> REQUIRED WORK
Write the entries out again exactly as they stand, but without the pictures.
⁂
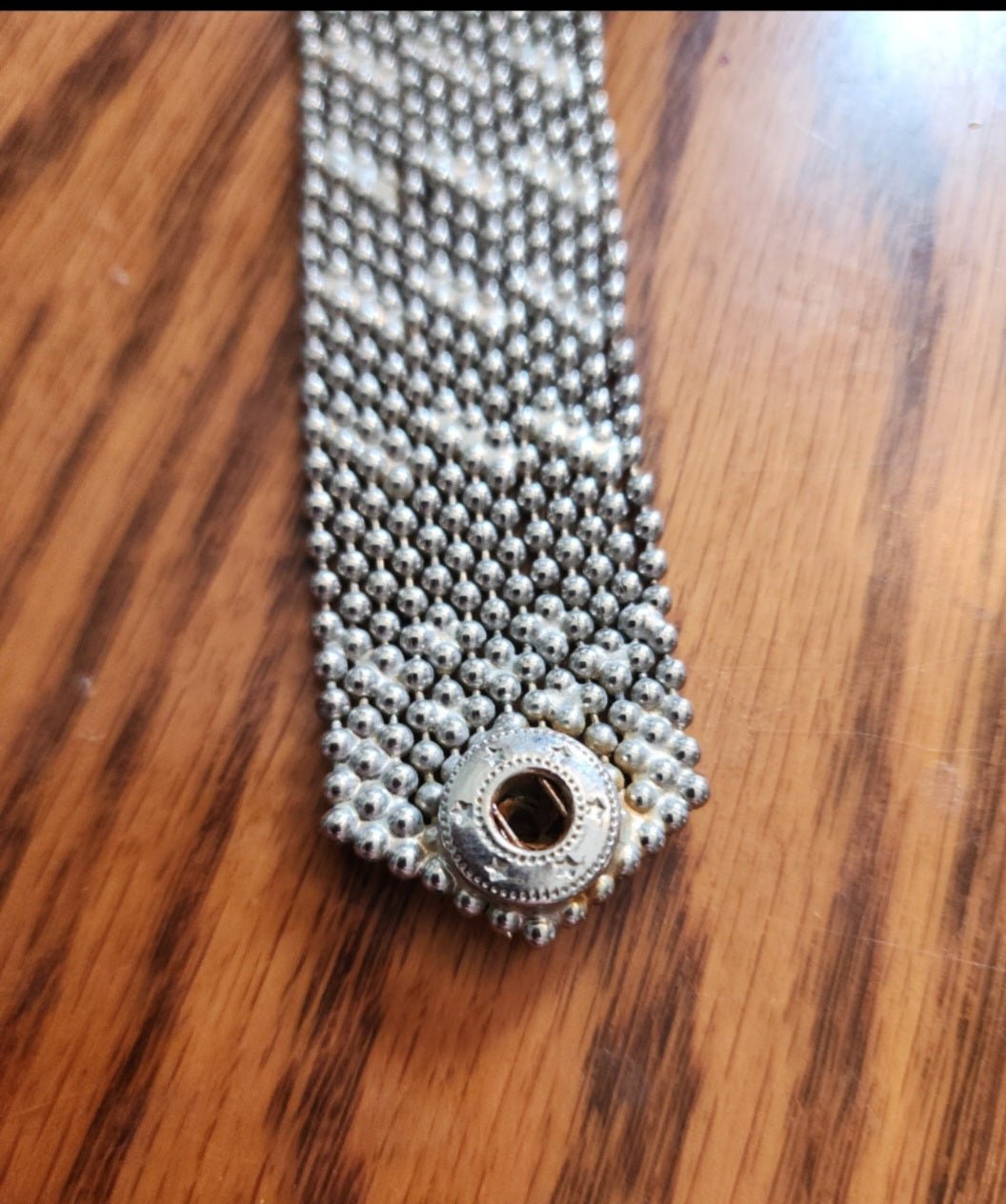 Beaded Cuff Bracelet Silver Tone - I Bought a Yard Sale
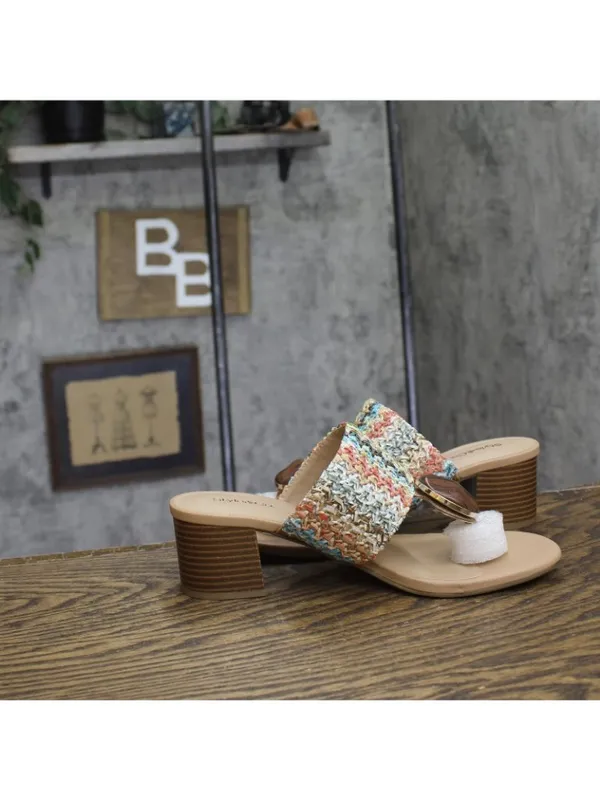 NWT Style & Co. Embellished Raffia Thong Block Heel Sandals Multi Brown 9M - Image 7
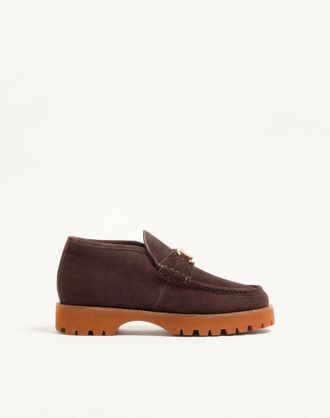 Valentino Garavani Lord Chunky Ankle Boot In Crust Leather Man TESTA DI MORO 41.5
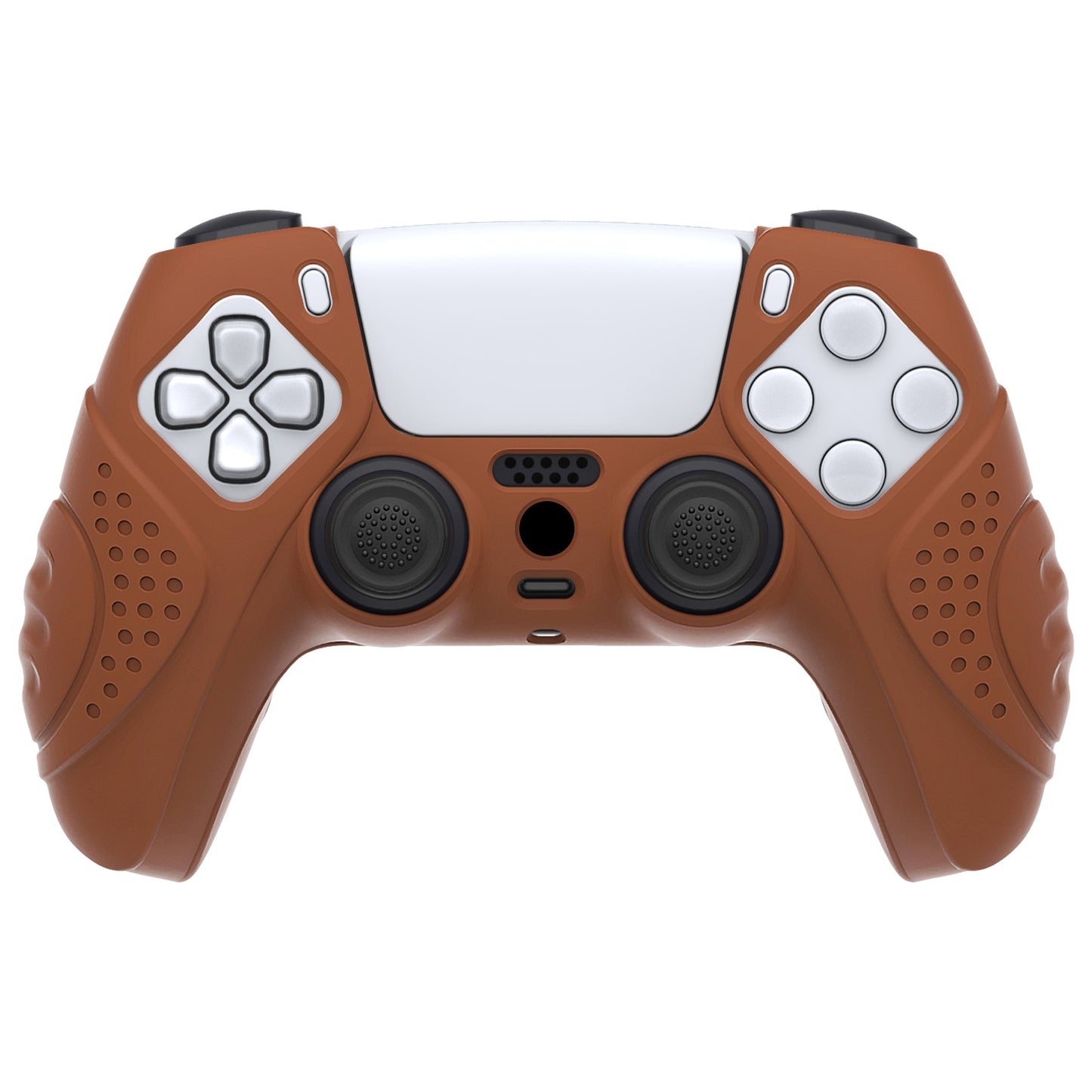 PlayVital Guardian Edition Anti-Slip Silicone Cover Skin with Thumb Grip Caps for PS5 Wireless Controller - Signal Brown - YHPF025 PlayVital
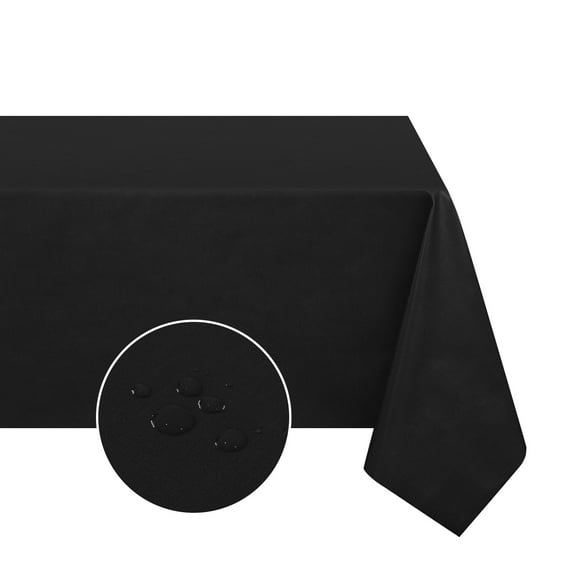 Romanstile 100% Waterproof Linen Tablecloth 54x54 inch,Rectangle Table Cloth Oil Proof Wipeable for Indoor and Outdoor,Black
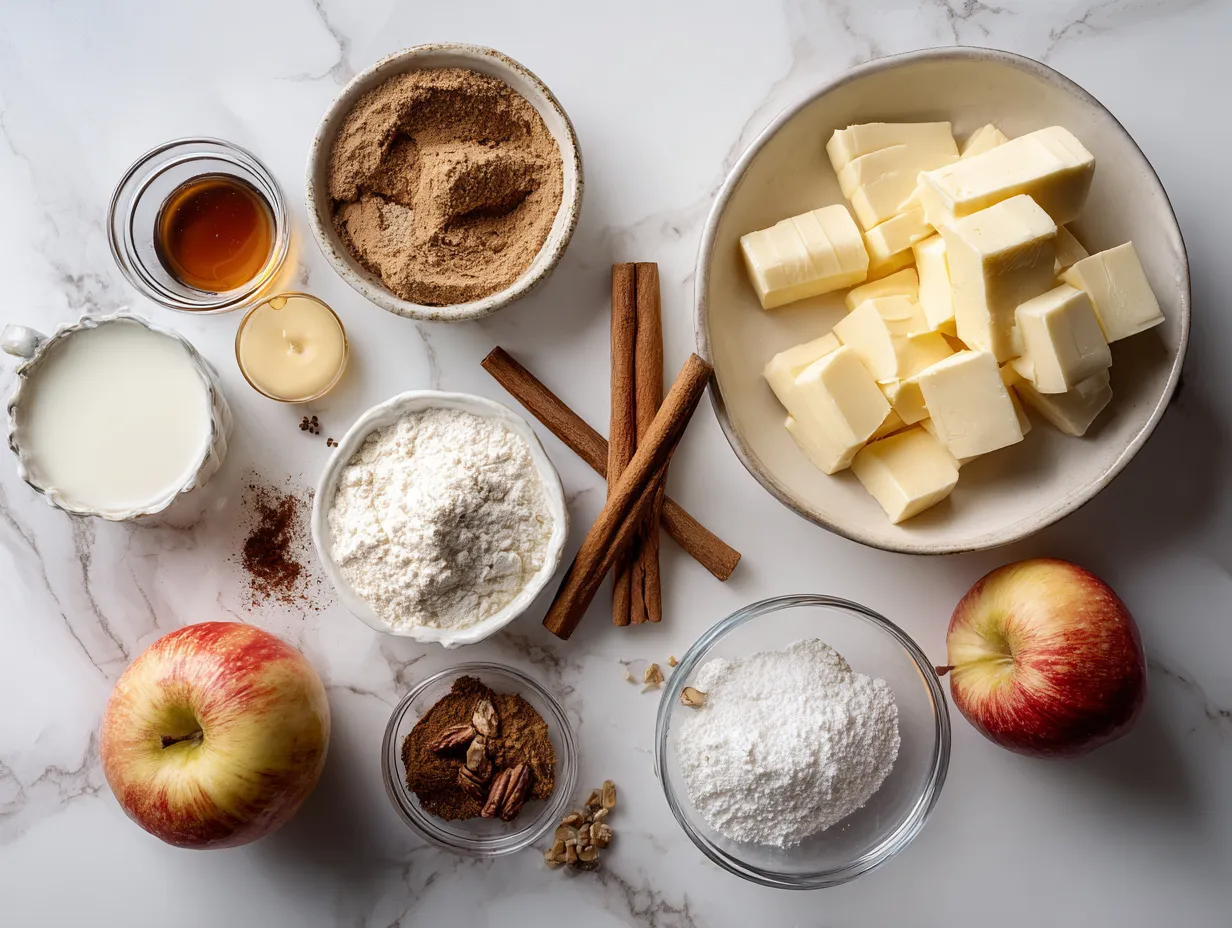 A selection of raw ingredients including apples, sugar, butter, flour, oats and spices, ready for making dutch caramel apple pie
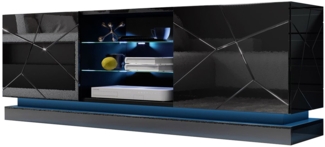 TV-Lowboard Qiu 160 (Farbe: Schwarz / Schwarz Hochglanz, mit LED Beleuchtung)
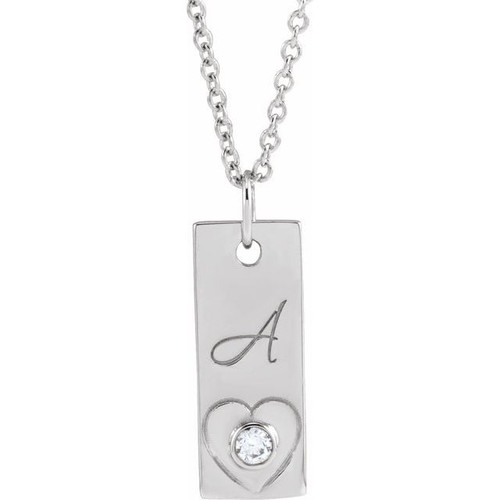 Sterling Silver .03 CT Natural Diamond Engravable Heart 16-18" Necklace
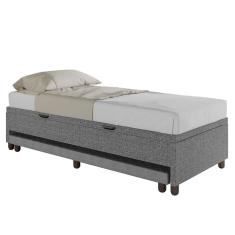 Bicama Box Baú Solteiro 88x188 cm Samy S05 Linho Cinza - Mpozenato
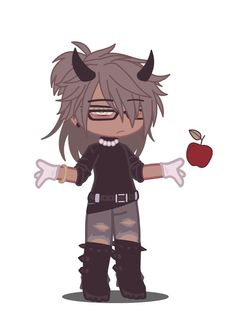 an anime character with horns holding an apple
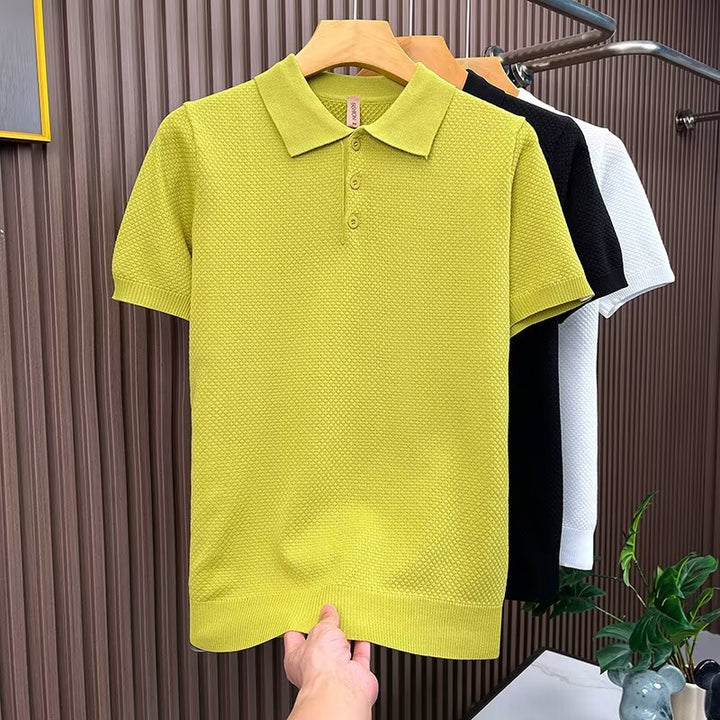 Men's Stylish Short-Sleeve Polo Shirt with Texture Mune Fashion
⁂
> WRITTEN RESPONSE
 Beaded Cuff Bracelet Silver Tone - I Bought a Yard Sale
 NWT Style & Co. Embellished Raffia Thong Block Heel Sandals Multi Brown 9M - Image 7
 Valentino Garavani Lord Chunky Ankle Boot In Crust Leather Man TESTA DI MORO 41.5
 PlayVital Guardian Edition Anti-Slip Silicone Cover Skin with Thumb Grip Caps for PS5 Wireless Controller - Signal Brown - YHPF025 PlayVital
 Romanstile 100% Waterproof Linen Tablecloth 54x54 inch,Rectangle Table Cloth Oil Proof Wipeable for Indoor and Outdoor,Black
 A selection of raw ingredients including apples, sugar, butter, flour, oats and spices, ready for making dutch caramel apple pie
 TV-Lowboard Qiu 160 (Farbe: Schwarz / Schwarz Hochglanz, mit LED Beleuchtung)
 Sterling Silver .03 CT Natural Diamond Engravable Heart 16-18" Necklace
 Bicama Box Baú Solteiro 88x188 cm Samy S05 Linho Cinza - Mpozenato
 an anime character with horns holding an apple
 Men's Stylish Short-Sleeve Polo Shirt with Texture Mune Fashion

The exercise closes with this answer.